For instance, the USAID Mekong Safeguards activity (implemented by the Asia Foundation) helps countries apply environmental, social and governance standards. Identifying policy and legal standards such as permit and licensing requirements, and familiarizing stakeholders with those via workshops, can assist project developers and decision makers. Examples of increased awareness include: discerning least-cost with environmental and social considerations; forecasting demand for manufacturers; and eliciting stock exchange disclosures for investors.
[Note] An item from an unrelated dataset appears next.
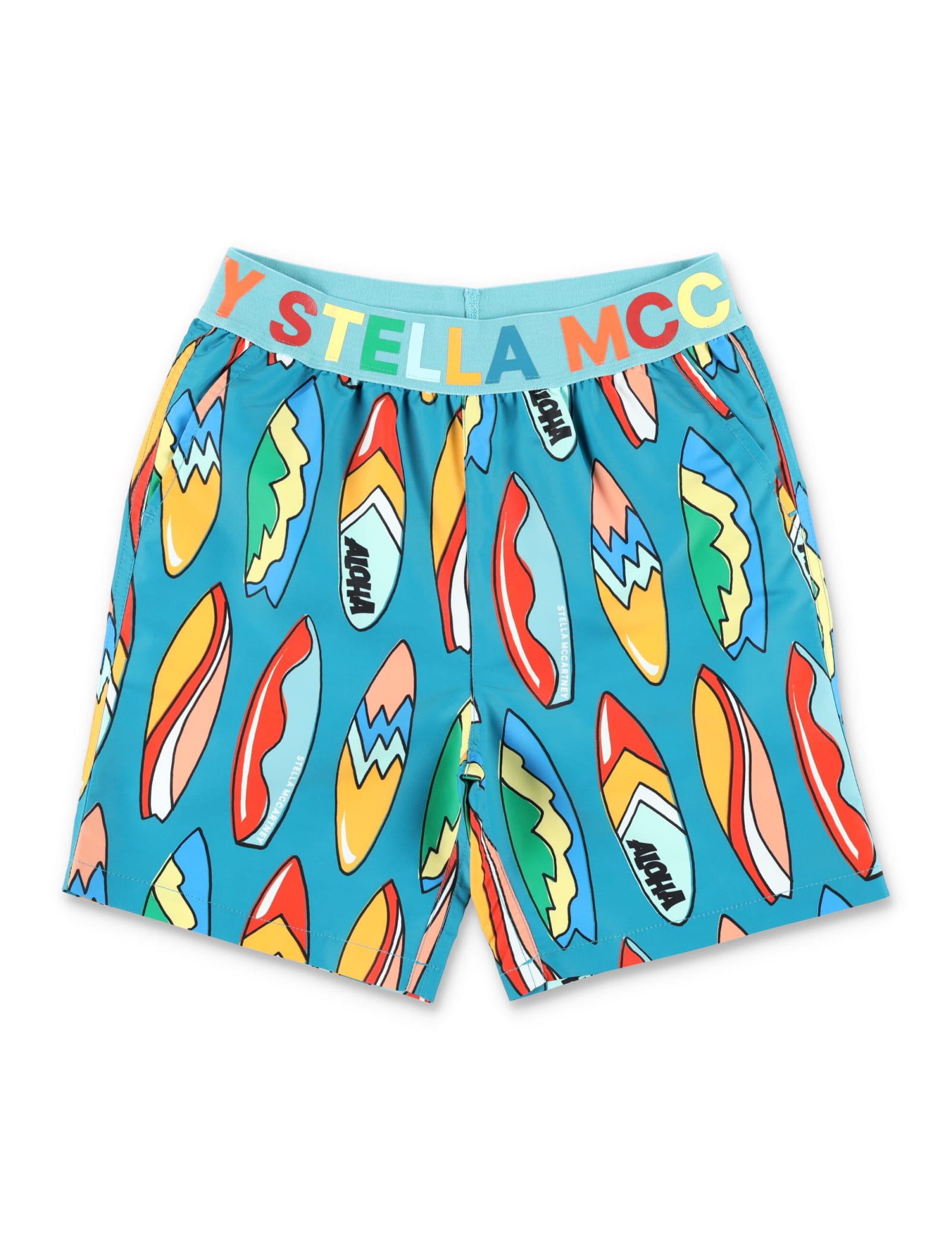 Shop Stella Mccartney Swim-board Printed Swim Shorts In Blue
The need for such data transparency among development partners is critical to specifying costs and benefits of projects that otherwise remain hidden. Who is funding a project? What is its scope and scale? How much have investors committed, and for how long? What is the impact on people and the environment? Sustainable development requires reliable data with which to characterize the complexity of the information environment, anticipate opportunities, and develop courses of action to deal with dynamic threats.

Transparency Attack

The need for transparency is urgent, as investment shortfalls in the Mekong region are twice that which the Asia Development Bank can commit. The ADB‘s Strategy 2030 (7-8) identifies a requirement of $1.7 trillion in infrastructure per year, 50% of which is desired from the private sector. Moreover, the economic impact of the ongoing COVID-19 pandemic has slowed the pace of investment and infrastructure programs.

The current COVID-19 pandemic also provides opportunities for official China to increase investment when programs resume. Doing this darkly would be consistent with Beijing’s deceptive narrative that China is a blameless and benign model of global cooperation (ICSL Paper #23).

As investors re-evaluate the Mekong region, data transparency is crucial to planning and implementing infrastructure projects that benefit communities. Important questions include, how do railway plans overlay on existing settlements, farming, biodiversity, and cultures? What is the demand forecast for products and services in affected areas? How can citizens of all Mekong states be engaged to prepare for the opportunities offered by transcontinental supply chains? The Mekong Infrastructure Tracker can help answer such questions.

The Mekong Infrastructure Tracker is a transparency attack against dis-, mis- and mal-information. Used in combination with The Alliance for Securing Democracy’s Hamilton 2.0 Tracker, the platform can be used to expose and reduce authoritarianism, corruption, environmental damage, and social coercion.

Author: Thomas A. Drohan, Ph.D., Brig Gen USAF ret.